Log on to the master node of the cluster. For more information, see Log on to a cluster.
Run the following command to create the Spark History directory:
```
hadoop fs -mkdir /spark-history
```
In the Components section of the Status tab of the Spark service in the EMR console, you can check whether the SparkHistoryServer and SparkThriftServer components start as expected.

Tez

Cause

You do not have access permissions on the bucket that is configured as the root storage directory of the cluster. As a result, when the Tez service is started in the cluster, related files cannot be properly uploaded to the related storage directories.

Solution

Log on to the master node of the cluster. For more information, see Log on to a cluster.

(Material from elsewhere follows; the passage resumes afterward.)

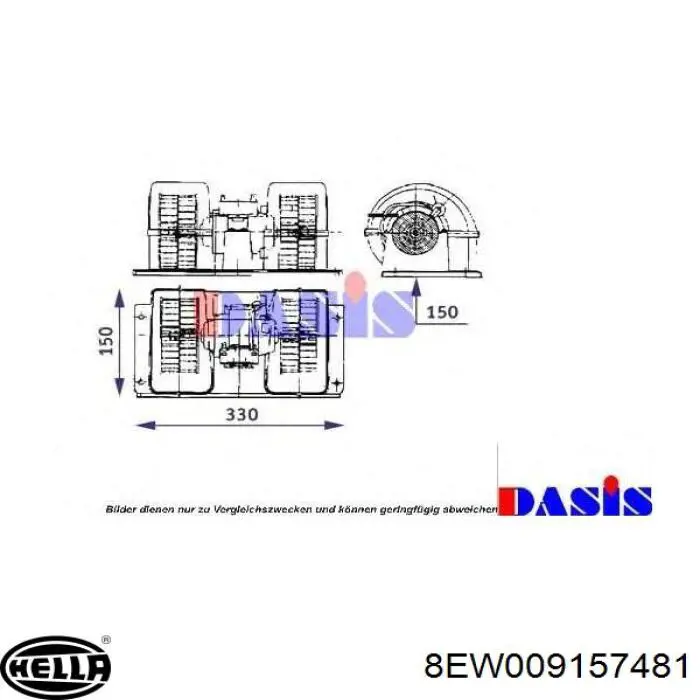 8EW009157481 HELLA motor eléctrico, ventilador habitáculo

Run the following commands:

tez_dir=`readlink  $TEZ_HOME`
tez_version=`basename $tez_dir`

cd /tmp
mkdir -p $tez_version/lib
cp $TEZ_HOME/*.jar $tez_version
cp $TEZ_HOME/lib/*.jar $tez_version/lib
tar czf $tez_version.tar.gz $tez_version

hadoop fs -mkdir -p /apps/$tez_version
hadoop fs -rm -f /apps/$tez_version/$tez_version.tar.gz
hadoop fs -put $tez_version.tar.gz /apps/$tez_version/

rm -fr $tez_version*

In the Health Check Items section of the Status tab of the Tez service in the EMR console, you can check whether the status of the tez_env_status check item is normal.

Flink

Cause

You do not have access permissions on the bucket that is configured as the root storage directory of the cluster. As a result, when the Flink service is started in the cluster, the Flink History directory cannot be properly created and Flink jobs that are started based on the default settings may not be able to write checkpoints or savepoints to external storage systems.

Solution

Log on to the master node of the cluster. For more information, see Log on to a cluster.
Run the following commands to create directories required by Flink and grant users the required permissions on the directories:
```
hdfs dfs -mkdir -p /flink/flink-checkpoints /flink/flink-jobs /flink/flink-savepoints
hdfs dfs -chmod -R /flink
```
Restart the Flink service. For more information, see Restart a service.
In the Components section of the Status tab of the Flink service in the EMR console, you can check whether the FlinkHistoryServer component starts as expected. You can also start a sample Flink job to check whether checkpoints of the Flink job are written to external storage systems.

HBase

Cause

You do not have access permissions on the bucket that is configured as the root storage directory of the cluster. As a result, when the HBase service is started in the cluster, an HBase data storage directory cannot be properly created.

Solution

Log on to the master node of the cluster. For more information, see Log on to a cluster.
Run the following commands to create a data storage directory and grant users the required permissions on the directory:
```
hadoop dfs -mkdir -p /hbase
hadoop fs -chown hbase:hadoop /hbase
hadoop fs -chmod 755 /hbase
```
Restart the HBase service. For more information, see Restart a service.
In the Components section of the Status tab of the HBase service in the EMR console, you can check whether the HBase service starts as expected.